USF figure skater to compete in Sochi Olympics

 

Ever since she was a little girl, Felicia Zhang remembers sitting in front of the TV every two years to watch both the summer and winter Olympics. 

It was like a whole other world on the other side of the screen – a dream. 

But tomorrow, at the opening ceremony of the 2014 Olympics in Sochi, Russia, Zhang’s dreams will be realized when she gets ready to take part in a pair skating event. 

In her youth, she was introduced to the art of skating from her dad who became interested in speed skating.

 Zhang then tried her hand at figure skating. At first, she wasn’t passionate about it, but she recalls the event that piqued her interest.

“It wasn’t until a birthday party at an ice rink with a few friends,” Zhang wrote in an email to The Oracle from Germany, where she was training with her team. “That was when I started to get into it. . . I really enjoyed skating around-feeling the wind across my face and through my hair.”

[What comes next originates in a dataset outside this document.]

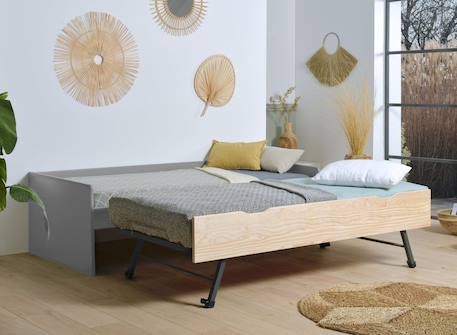 Lit banquette gigogne landes Blanc & bois massif+Flanelle et bois massif+Kaki et bois massif 8 - vertbaudet enfant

Then came group lessons. Zhang progressed quickly. However, there was a point where she battled to improve. Her enemy was the triple toe jump. Her weapons were practice and patience.

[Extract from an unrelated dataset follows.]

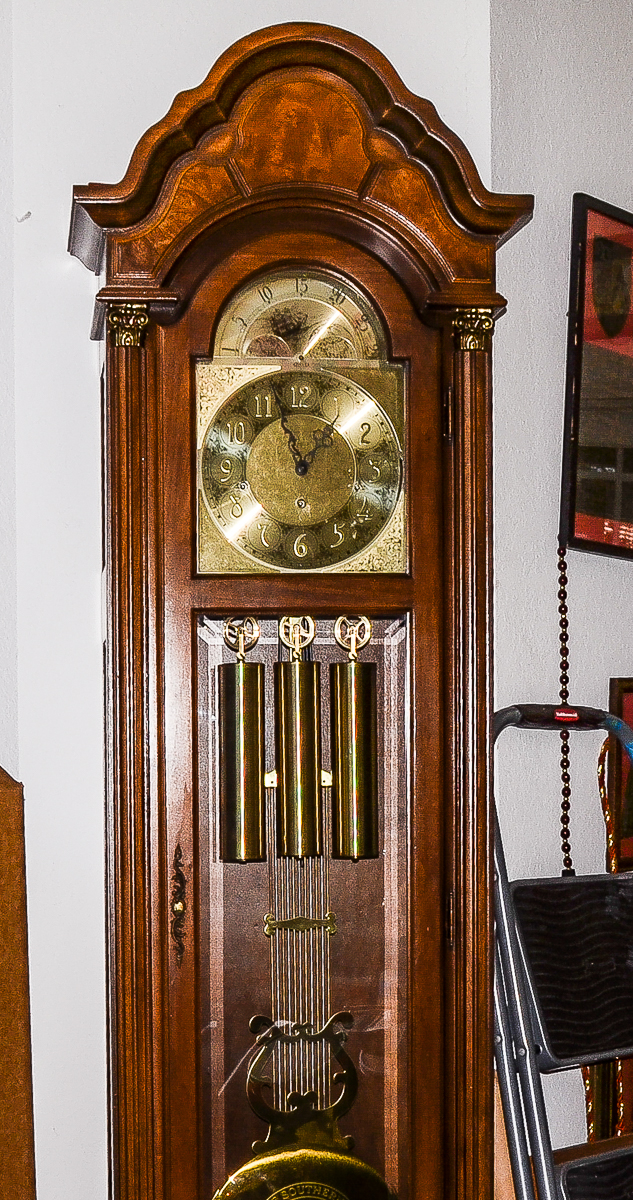 Wooden Grandfather Clock with Moon Phase Dial and USC Pendulum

“I never thought that I would land this jump fully rotated,” she said. 

Through Zhang’s frustration, her then-coach Pamela Gregory – a nationally sought-after figure skating coach – encouraged her to persevere.   

“The water will boil,” she said Gregory told her. “And it will always boil if you work hard enough.” 

For Zhang, the water exceeded the boiling point. She landed the triple-toe jump, and that’s when she knew she could pursue her dream.

“That rush of emotion that filled my body was a new sense of accomplishment, and I knew that deep down I could land another triple jump and another and another,” she wrote. “And every jump after that has changed me.”

A lot of her time is spent practicing in an Ellenton ice rink. 

But when she’s not vigorously practicing for the Olympics, she can be found attending classes at USF St. Pete, or working her job as a sales associate at J. Crew at Ellenton Premium Outlets.

“It’s a normal day or night (working),” she wrote. “Except for the occasional person who bumps into me and asks if I was in the newspaper.”

Zhang said she realizes that participating in the Olympics is not only a competition, but a chance to represent the U.S. in the international spotlight.

“It’s such an honor to be a part of Team USA and represent our country on the highest stage and competition in the world,” she wrote. “It’s what I have always dreamed of.”

Still looking at the big picture, Zhang realizes that the Olympics are an important moment in her life and career, but she realizes that her dream will go beyond Sochi. 

“A big picture for me is to be the best skater that I can be for myself,” she wrote. “And I am still on that journey for improvement, but the Olympics is definitely a life changing experience that I would never forget.”